■ Recorded information
___

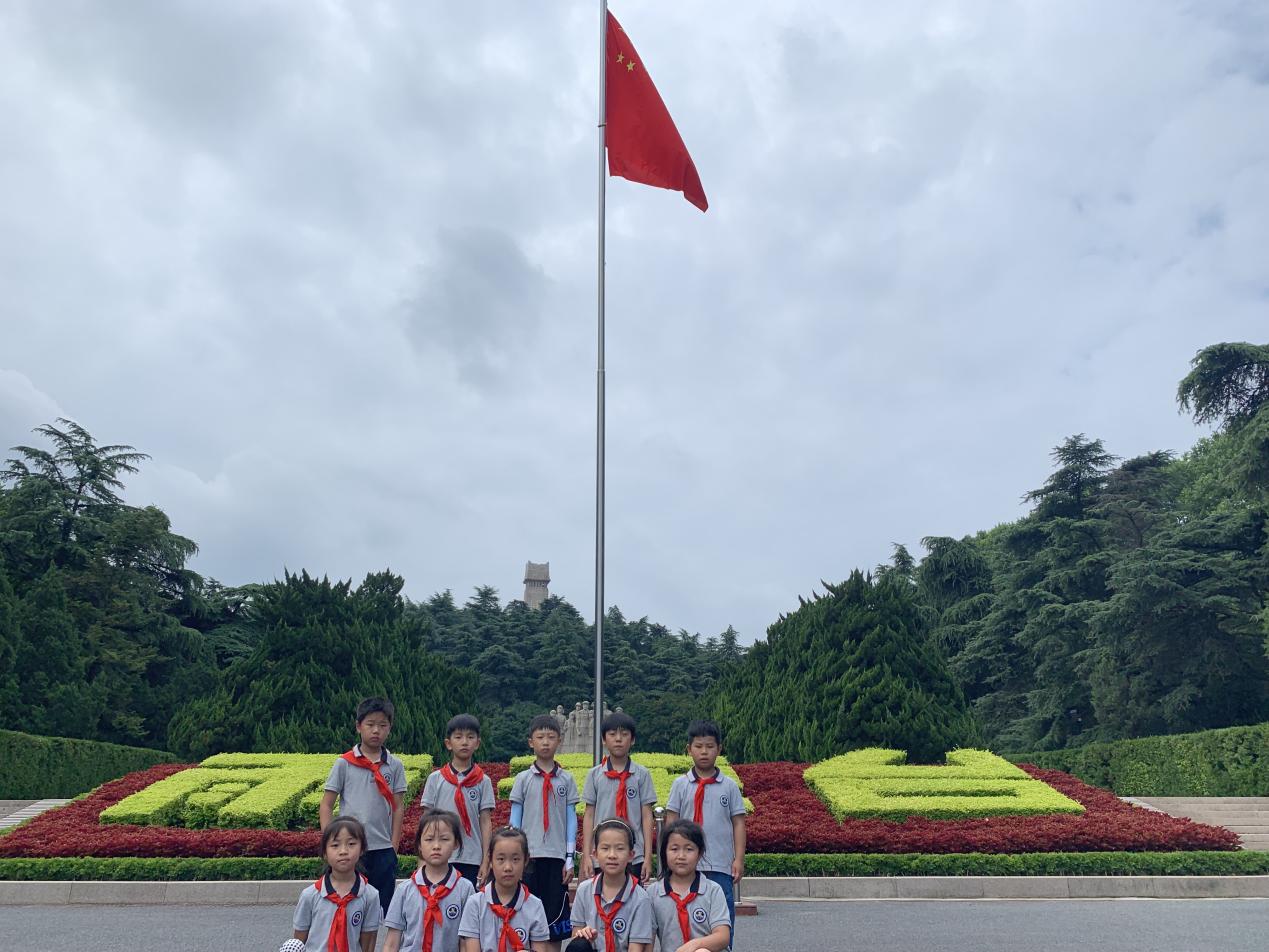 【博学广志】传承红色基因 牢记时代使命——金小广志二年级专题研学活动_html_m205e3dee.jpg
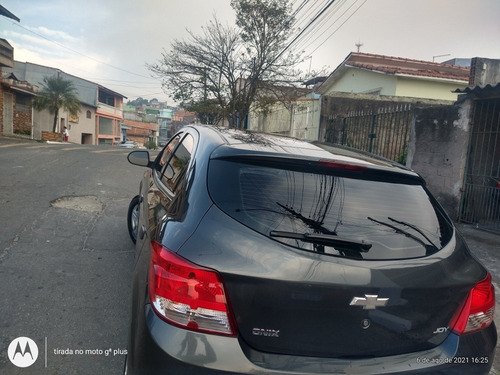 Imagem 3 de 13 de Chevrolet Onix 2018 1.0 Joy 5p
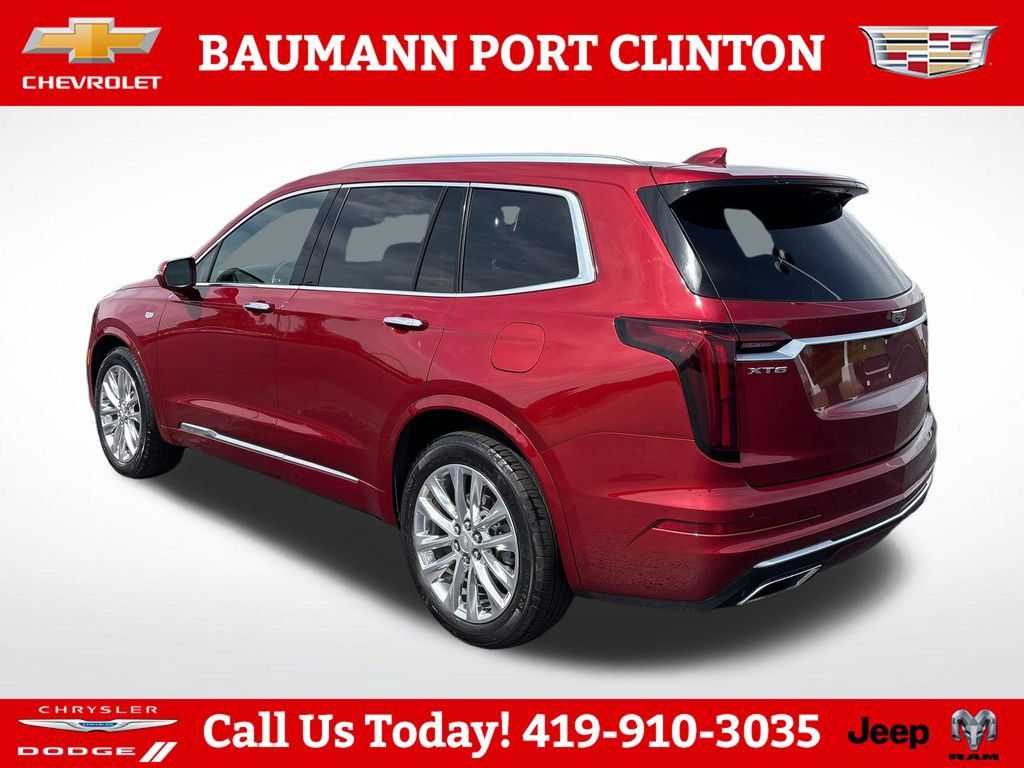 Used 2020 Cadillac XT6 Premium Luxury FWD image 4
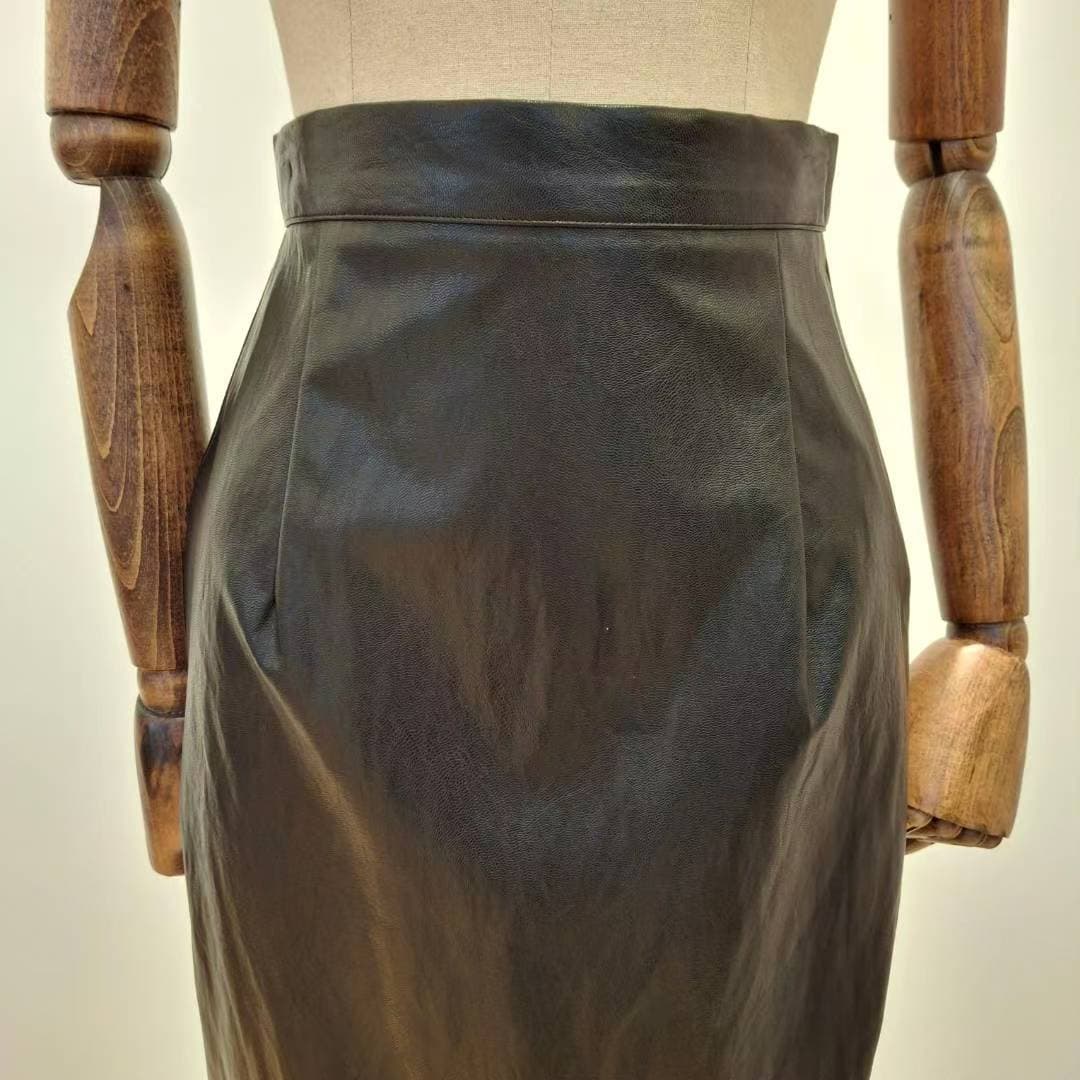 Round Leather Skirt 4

___

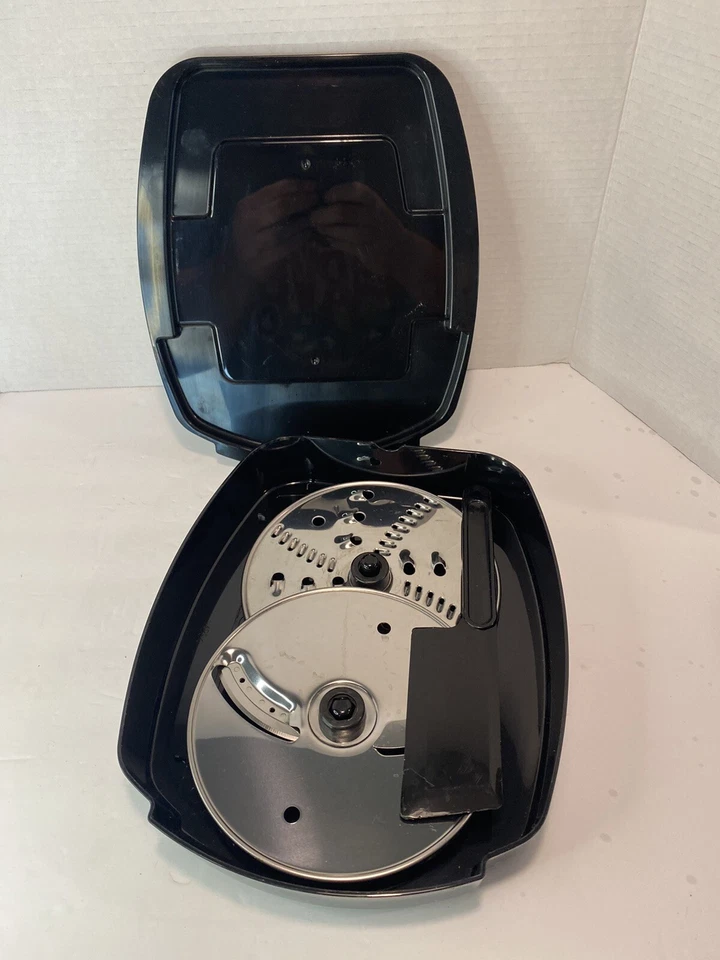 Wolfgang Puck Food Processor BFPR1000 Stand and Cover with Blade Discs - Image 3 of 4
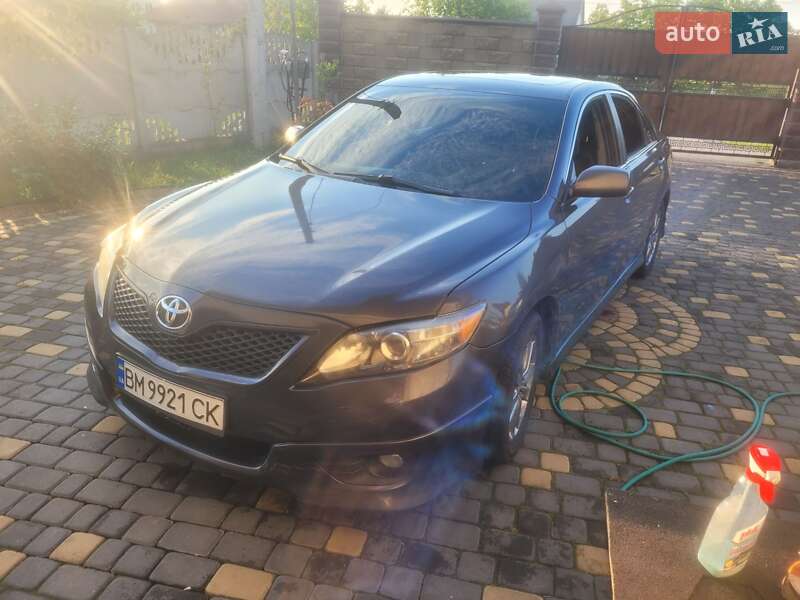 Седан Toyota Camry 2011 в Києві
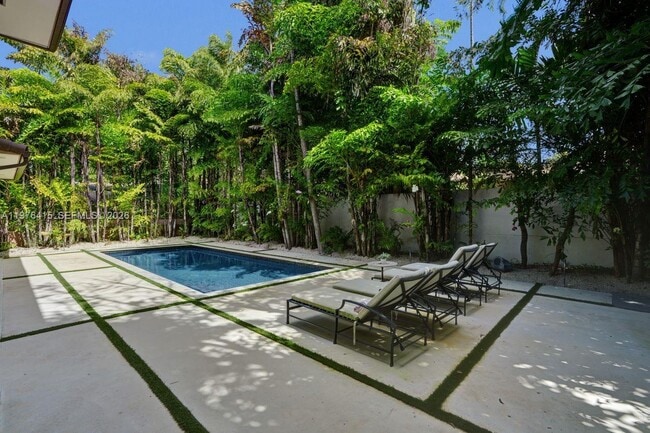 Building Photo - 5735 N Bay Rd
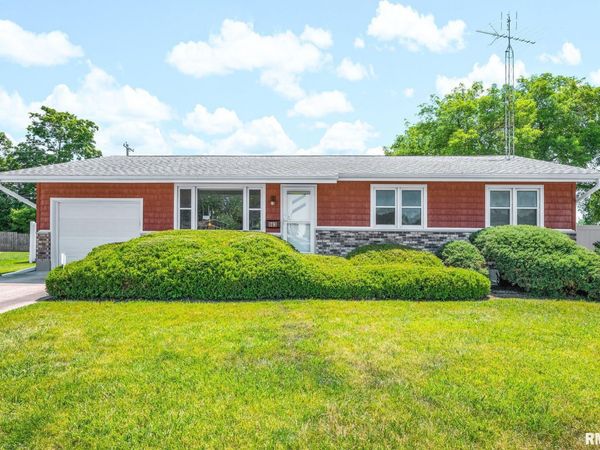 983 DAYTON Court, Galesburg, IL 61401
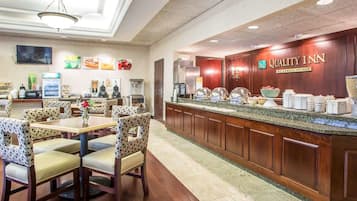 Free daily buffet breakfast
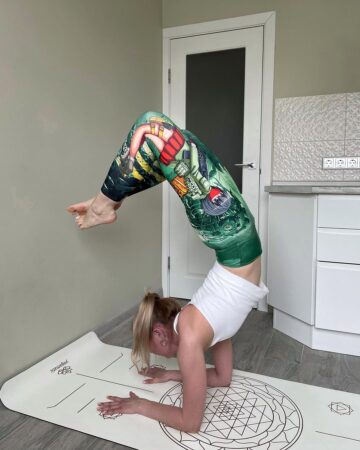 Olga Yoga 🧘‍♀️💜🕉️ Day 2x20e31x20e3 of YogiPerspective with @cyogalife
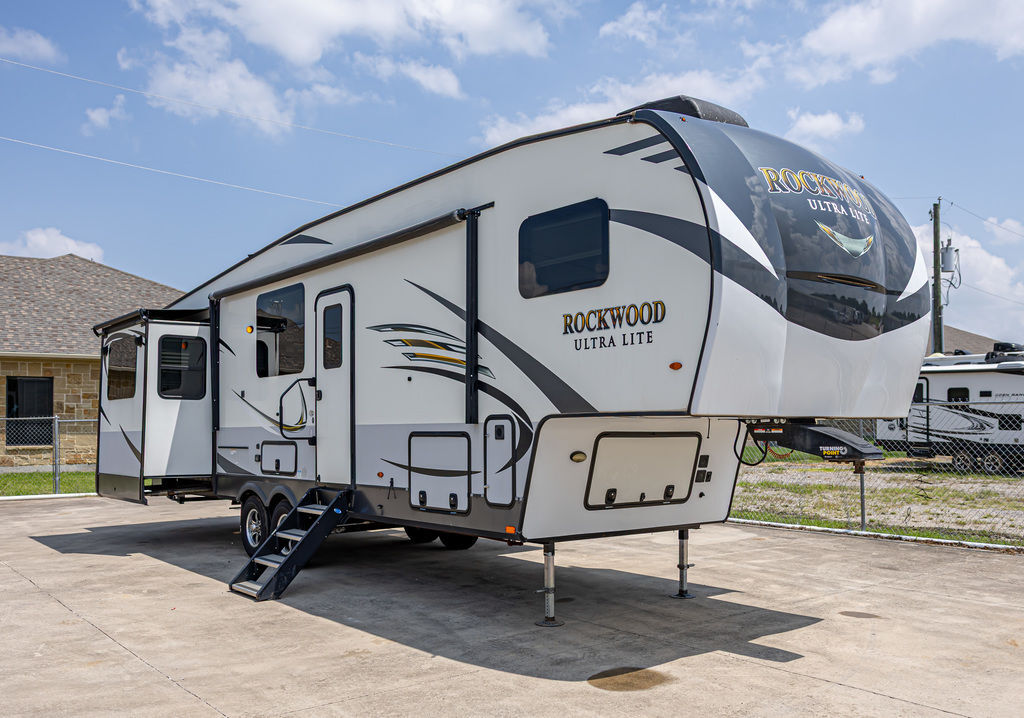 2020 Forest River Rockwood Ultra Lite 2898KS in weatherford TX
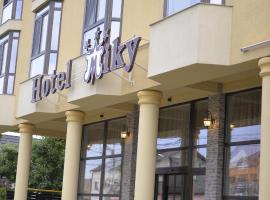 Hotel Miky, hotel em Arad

___

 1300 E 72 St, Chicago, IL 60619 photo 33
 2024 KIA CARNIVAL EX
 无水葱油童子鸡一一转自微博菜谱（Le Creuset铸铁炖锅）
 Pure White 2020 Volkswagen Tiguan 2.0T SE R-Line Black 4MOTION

___

■ Prompt
Only the lines above starting at the one containing "无水葱油童子鸡一一转自微博菜谱（Le Creuset铸铁炖锅）" and ending at the one containing "Pure White 2020", both included, are to be returned, exactly as they read.

■ Response
 无水葱油童子鸡一一转自微博菜谱（Le Creuset铸铁炖锅）
 Pure White 2020 Volkswagen Tiguan 2.0T SE R-Line Black 4MOTION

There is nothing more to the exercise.